The key turns in the ignition and the pickup explodes with sound as a battery of amps ramrods enough juice into the night to fry the carbon off the engine. Another week survived, seven days endured, for this: Saturday night, party night, cruising night.
The eight pickup trucks are lined up at parade rest, side by side in the shopping center parking lot, tailgates toward Bristol Street, noses toward Edinger Avenue, wiped clean one last time, tires Armor-Alled on the spot.
Saturday night, party night, cruising night, time to put the trucks on display, ride up and down the streets of Santa Ana, look for the promised parties. Those with jobs and those without, kids on summer vacation and young men with jobs too tough and pay too low, singles looking for dates and unmarried fathers on a night out, a minority who belong to gangs and a majority indifferent or hostile to the gangs.

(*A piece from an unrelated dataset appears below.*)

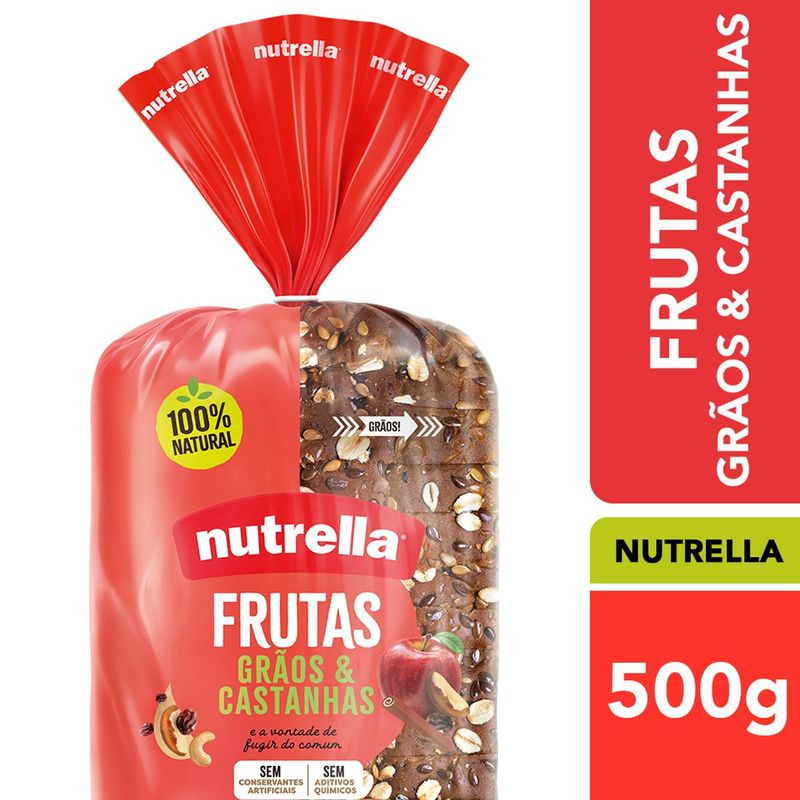 PAO-NUTRELLA-SUPREME-500G-FRUTAS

Summer in the city, in the barrio.
The teen-agers of the various beach communities can while away their hours on sandy shores next to the Pacific Ocean while the youngsters of most of the inland areas have more money and more options than the teen-agers of Santa Ana--particularly the Latinos in Santa Ana, especially the Latinos in the barrios of Santa Ana.
The Jerome Pool in Santa Ana is popular in the long, hot summer, but it's closed Mondays, Wednesdays and Fridays. And on Tuesdays and Thursdays, it's open only from 2 to 4 p.m.

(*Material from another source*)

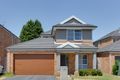 Property photo of 24 Wisteria Place Springvale South VIC 3172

Memorial Pool in Santa Ana is popular too, in fact the most popular of the city's four pools. But a major renovation of the pool did not start until mid-April. Once, it was thought that the pool could reopen July 16. Now the city figures that maybe it can open July 30. Much of the summer will be over then.
The Boys Club, YMCA and Salvation Army run summer programs in Santa Ana, but most of their participants are 12 or younger. The older youngsters don't want to hang around with the younger ones.

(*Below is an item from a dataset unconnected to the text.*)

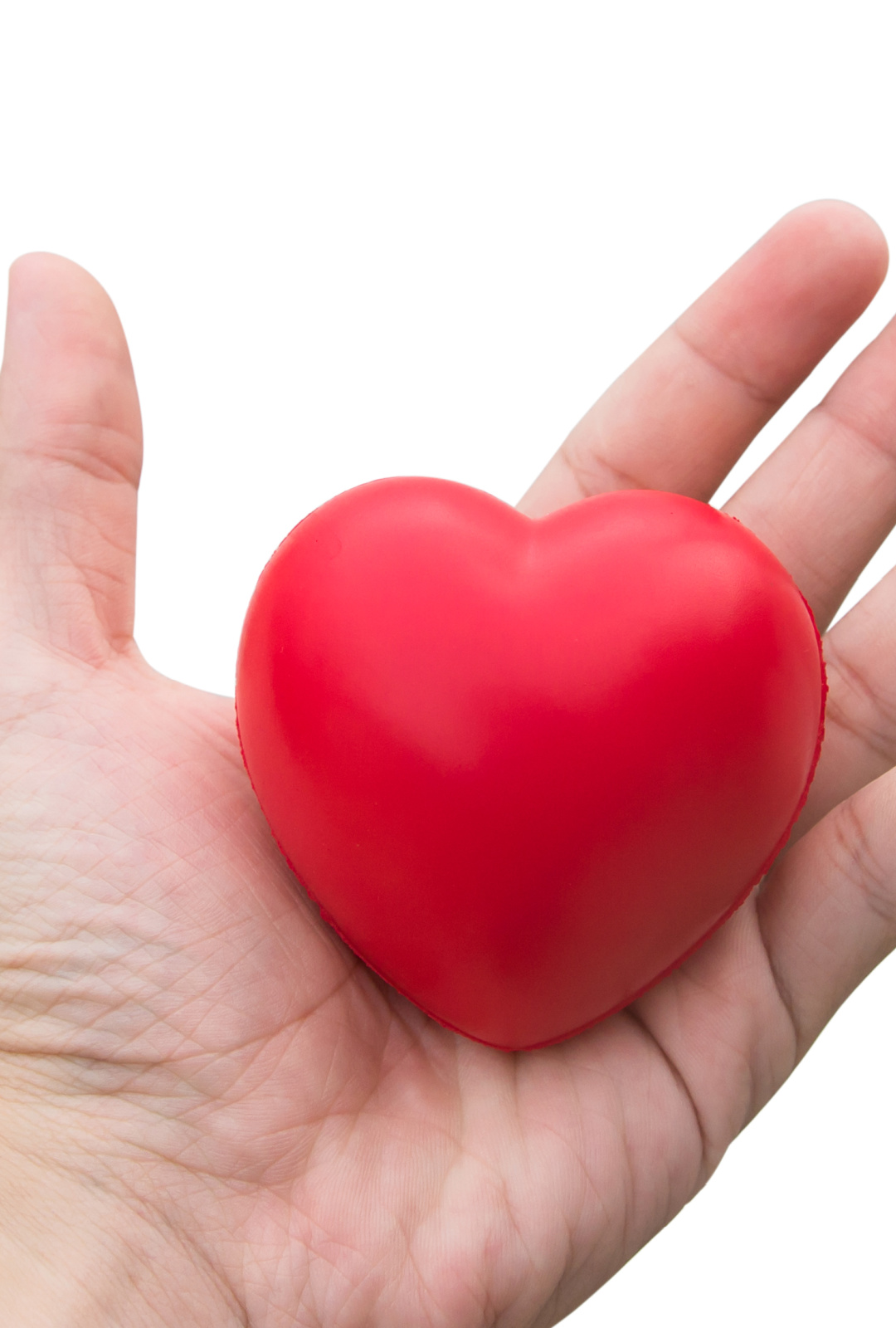 LeukFlexWerk ontzorgt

Governments and private businesses have summer job programs, but not all the teen-agers who want jobs get them.
Santa Ana teen-agers say their parents worry about them during the summer. So do the police.
Lt. Robert Chavez of the Santa Ana Police Department says there is a "natural tendency" for young people without jobs, camps or some program to "congregate and sometimes get into trouble."
Tom Wright, the Orange County Probation Department supervisor of the gang violence suppression unit, says gang activity increases in the summer. Years ago, he said, "summer was just kind of the lull" for gang depredations. "Now it starts picking up as school ends, and it gets hot all summer long. . . . And mainly it's because these guys don't work, don't want to work or can't get a job and they're just out there."
For those without work, time can hang heavy.
"Yeah, I get bored," says Nellie Vasquez, 16. The previous day she got out of bed at 10, went to Lake Perris with friends and was back to her Santa Ana home by 3:30. At night, "I partied" and got home at 1:30. She does not understand the word "curfew," but when her friends explain, she shrugs that her mother prefers that she be home by 1 a.m.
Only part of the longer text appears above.